# PROBLEM STATEMENT
Beginning with the line that holds "Tissu de veste" and finishing with the line that holds "a man with a", repeat the listing exactly, leaving every picture out.

# RECORDS SHOWN
────────────────────────────────────────
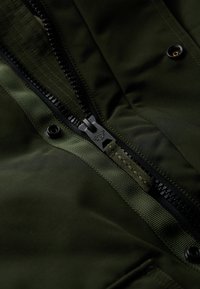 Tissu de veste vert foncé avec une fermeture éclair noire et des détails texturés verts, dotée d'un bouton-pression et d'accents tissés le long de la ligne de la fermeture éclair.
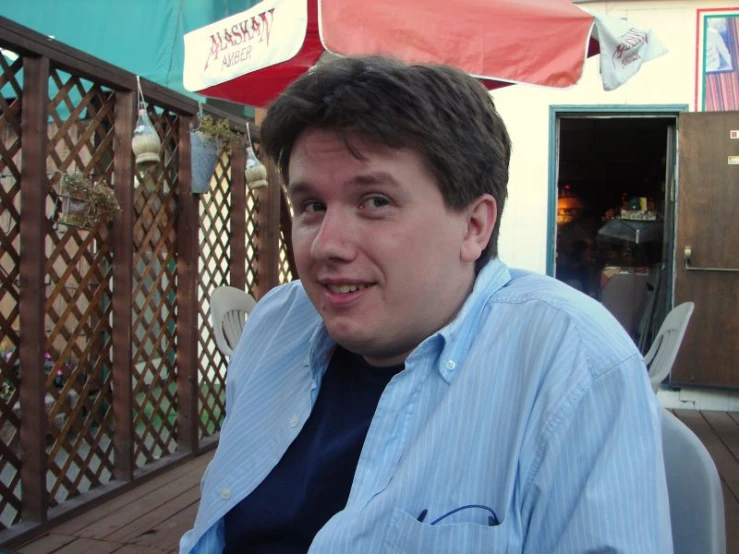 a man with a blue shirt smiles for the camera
────────────────────────────────────────
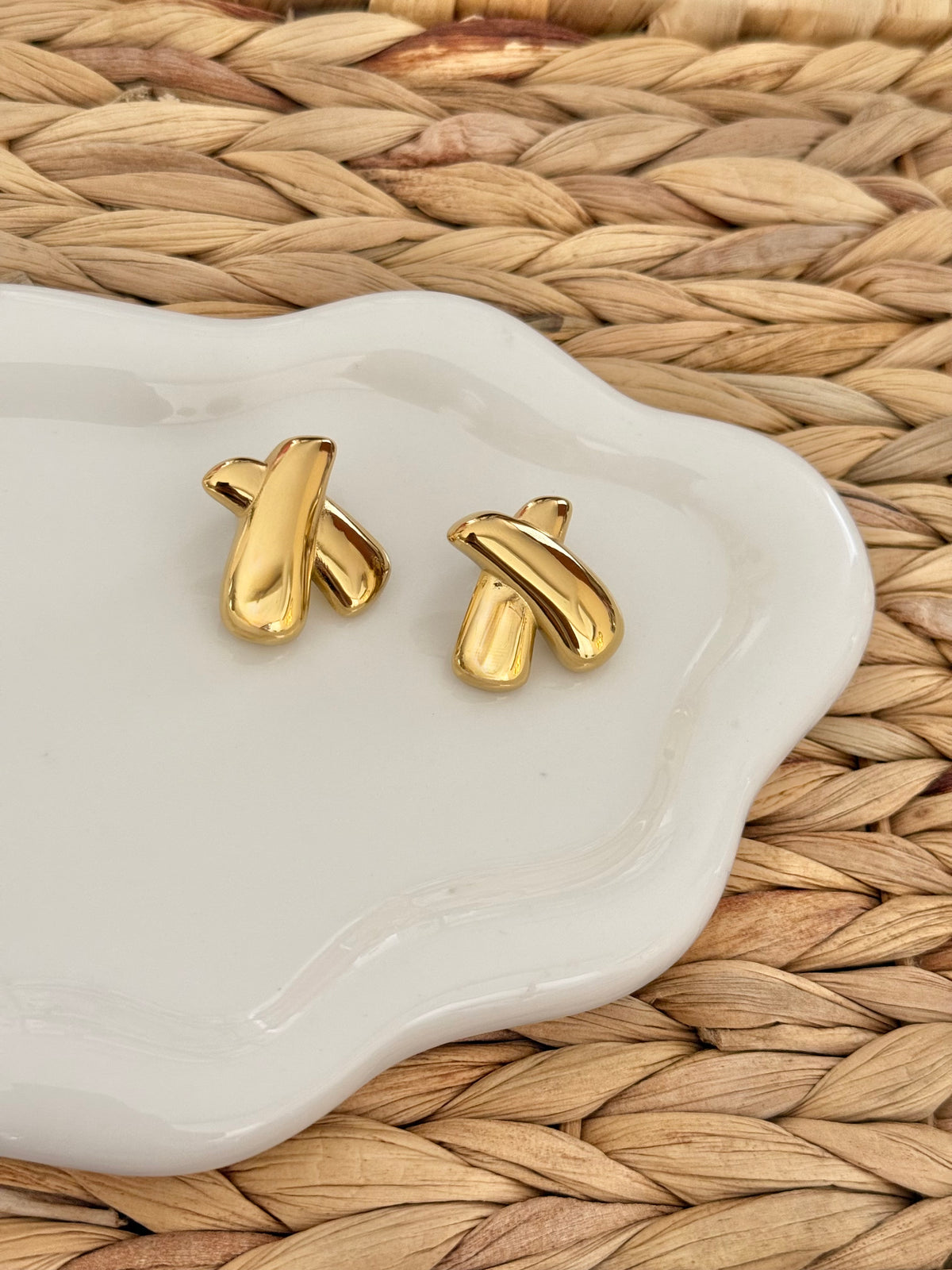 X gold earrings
────────────────────────────────────────
# TASK SOLUTION
 Tissu de veste vert foncé avec une fermeture éclair noire et des détails texturés verts, dotée d'un bouton-pression et d'accents tissés le long de la ligne de la fermeture éclair.
 a man with a blue shirt smiles for the camera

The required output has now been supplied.